Available data section start

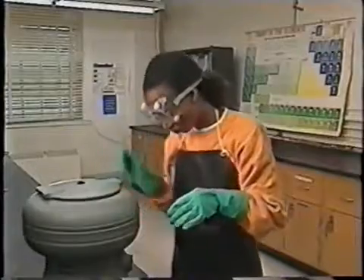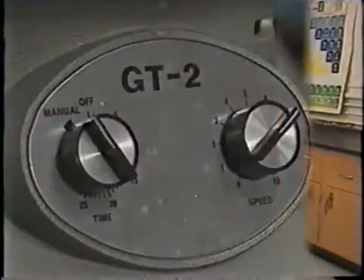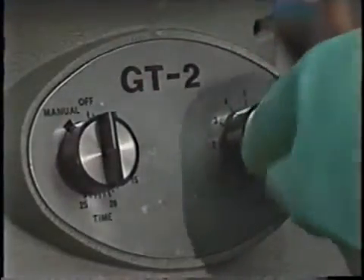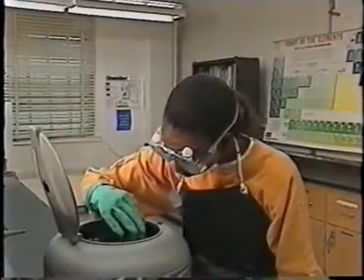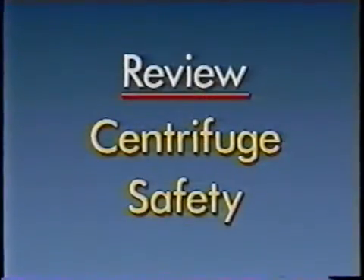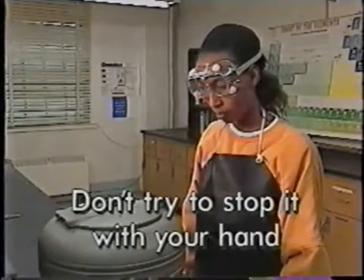Once the centrifuge is balanced, you can turn it on. When it's finished, turn it off and wait until it stops spinning on its own — never try to stop a centrifuge with your hand. Place equally filled test tubes in a centrifuge to balance it, and don't try to stop the spinning with your hand.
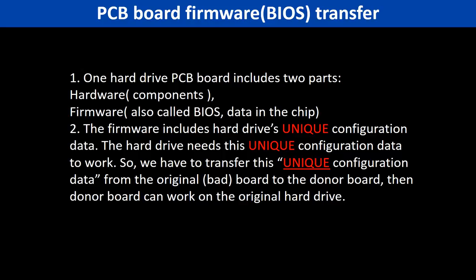Why do we have to do the PCB board firmware transfer? Because for this model hard drive, one PCB board includes two parts: hardware and firmware. The PCB board firmware includes the hard drive's unique configuration data. The hard drive needs this unique configuration data to work. So we have to transfer this unique configuration data from the original board to the donor board, then the donor board can work on the original hard drive.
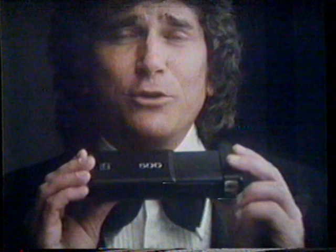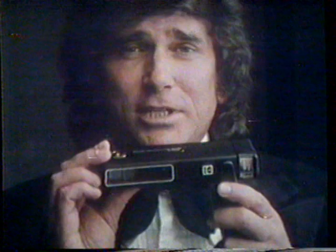See this little baby? No other pocket camera does what it does. It's unique, because only the new Kodak Extralight cameras have built-in Sensolight Flash. Sensolight Flash turns itself on and flashes automatically when you need more light. It even turns itself off.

Available data section end

Task objective: Repeat the exact lines from the first line of the data through the line containing "Why do we have". Nothing else, no pictures.

Problem solution:
Once the centrifuge is balanced, you can turn it on. When it's finished, turn it off and wait until it stops spinning on its own — never try to stop a centrifuge with your hand. Place equally filled test tubes in a centrifuge to balance it, and don't try to stop the spinning with your hand.
Why do we have to do the PCB board firmware transfer? Because for this model hard drive, one PCB board includes two parts: hardware and firmware. The PCB board firmware includes the hard drive's unique configuration data. The hard drive needs this unique configuration data to work. So we have to transfer this unique configuration data from the original board to the donor board, then the donor board can work on the original hard drive.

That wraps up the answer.